Monitoring Superfeedr

At Superfeedr, they have built a cost-effective feed delivering infrastructure, it’s real-time delivering. As a subscriber, you don’t need to constantly ping tons of topics anymore, you just subscribe via Superfeedr, and you’ll get universal atom notifications in real-time (ok, it’s nearly real-time); and as a publisher, your cloud server will get less and less dummy requests, allocate these saved computing resources to serve more users instead, this will be achieved by establishing a hub at Superfeedr, and redirect your subscribers to this new hub.

In the last couple of months, I’ve built an external monitering application for Superfeedr, that will constantly simulate requests, and measure Superfeedr’s performance and reliablity from outside. It’s a good and enjoyable experience to work with various subscribe protocals, APIs, and powerfull Ruby libraries.

Overview

Superfeedr supports both PubSub (XMPP 0060) and PubSubHubbub (PuSH as Josh Fraser has coincided) protocals, and it delivers standard atom notifications, regardless of original feed format. We need simulate requests for both protocols, and measure min, max, average, median time in an interval (hourly), as well as failure rate.

Our monitoring application has two main components: a Worker that will constantly simulate requests, from PubSub subscribe, to PuSH ping; a WebServer that will act as a PuSH callback server to process verify requests from Superfeedr, parse atom notifications, as will as providing an visualization interface.

Simulate Requests

The worker is evented in nature, it periodically sends requests, handles responses when requests get returned, and it’s working in a non-blocking thread. That’s what EventMachine built for.

Our worker is simply an EventMachine run loop, which constantly simulating request, saves the request record into datastore. When it gets response, it will fetch the request record, compute elapsed time, update record with the elapsed time and a status which indicates fail or succees of the request.

Only with Blather, a great evented XMPP Ruby library, we could built pubsub module with ease, though we have only used a subset (pubsub) of Blather.
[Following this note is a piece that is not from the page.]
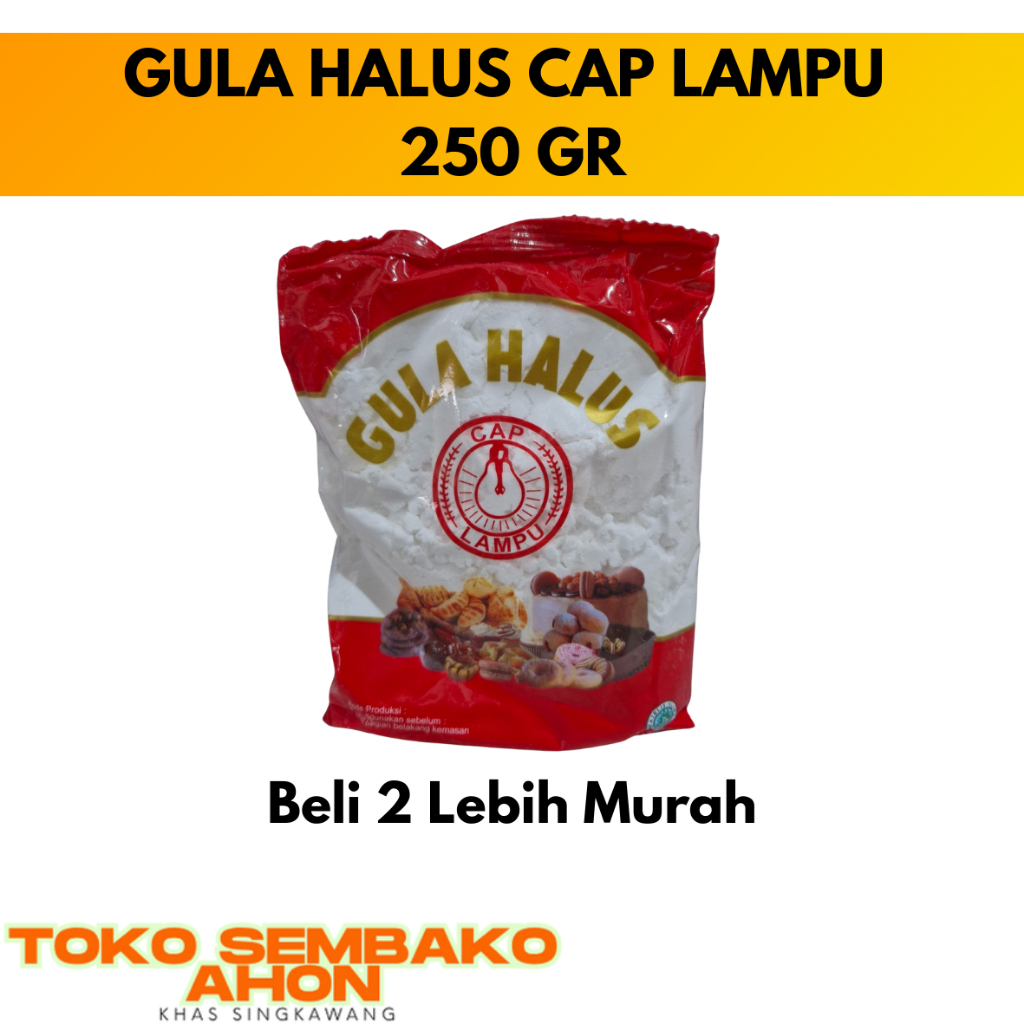 

GULA HALUS CAP LAMPU 250 gr / gula bubuk / Gula Halus Untuk Kue / Gula Halus Cap Lampu Hijau / Gula Bubuk Premium 250g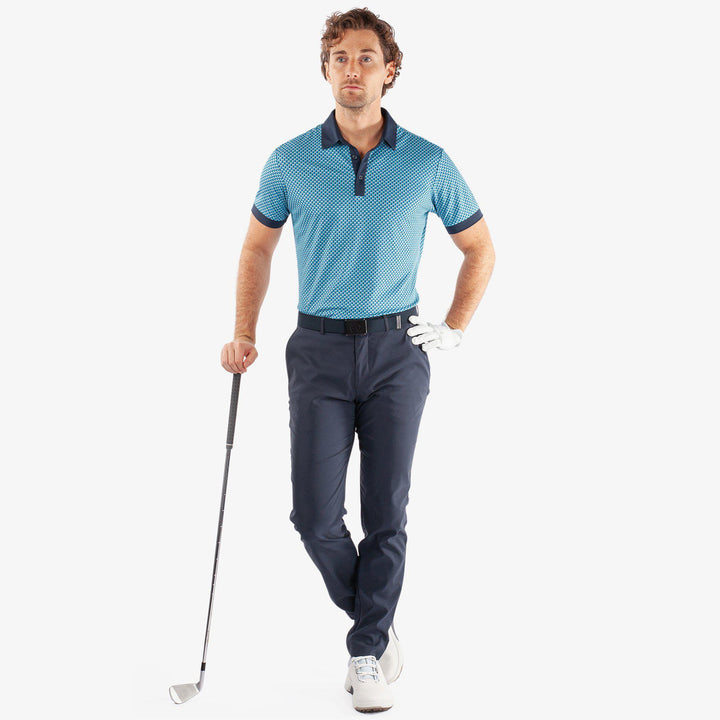 Mate is a Breathable short sleeve golf shirt for Men in the color Aqua/Navy(2)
A stream connection is established, when the worker gets initialized. Then we stream xml stanzas over the connection, when received response, we parse it with the excellent xml parse library Nokogiri. Working with PubSub is significantly easier than I had expected, I’d say.

But monitoring the PubSubHubbub has proven much more work. We chose em-http-request to asynchronously send http request, and deal with different status codes as requests returns from Superfeedr server. That’s the case for sync mode of PuSH. For async mode of PuSH, we have WebServer to handle requests from Superfeedr.

And there’s full ping cycle. We publish new entries to subscribed topics, then wait for Superfeedr propagating notifications to us, we measure the elapsed time at last, to test Superfeedr’s real-time delivering ablity. When we simulate a full ping command, we generate a request log record with a unique id, then build a new entry with this id, publish the entry to the subscribed topic. When we get atom notifications from Superfeedr, we imediately parse for the id, query database record by this id, update it with the computed elapsed time, put it back to database then.

The WebServer

Originally, we have had only a simple EventMachine based http server for handling Superfeedr’s verify requests as well as atom notifications. But when I began to work on a web interface for visualizing statistics, I realized a Sinatra module might replace the http server very well.

Now we have only Sinatra to serv http requests. It’s responsible for verifying subscribe or unsubscribe attempts, parsing atom notifications for ping command, as well as providing a google visualization interface to backend statistics, which makes on-demand stats review easier.

Computing Stats

We have MongoDB as the datastore, which offers built-in map/reduce. In Worker’s running loop, map/reduce are scheduled hourly, to produce required statistics.

To produce hourly stats, I’ve employed a small trick - emitting hourly-timestamped key with the request type. The process will map on all recorded requests that have completed, reduce them to a collection of hourly timestamped and typed docs, with computed min, max, median, average, failure rate. The whole collection will be updated every hour with newly computed stats.

With google’s visualization, we dynamically download typed stats to local browser, and update visualization with the new data.

Conclusion

The most difficult part of working with evented architecture is debugging. Unexpected status codes, malformed xml format, and there’s even a Nokogiri xpath issue that took me days to work it out. It’s always not the solution you try to find that took most of your time, but trials to figure out where’s the cause that do.

When there’s any thing going wrong, you’ll need setup a whole stack of services to emit different set of events, so you could figure out the cause, and that may take you struggling days. curl, hurl, and postbin are your friends, as well.

The two main Ruby libraries, i.e. EventMachine and Sinatra, as well as MongoDB have reduced the complexity in a magnitude, fortunately. I’ve really enjoyed working with these beautifully crafted software.

The application is already running for a couple of weeks now, and shows a pretty good uptime and stablities. Thankfully to the great Ruby community!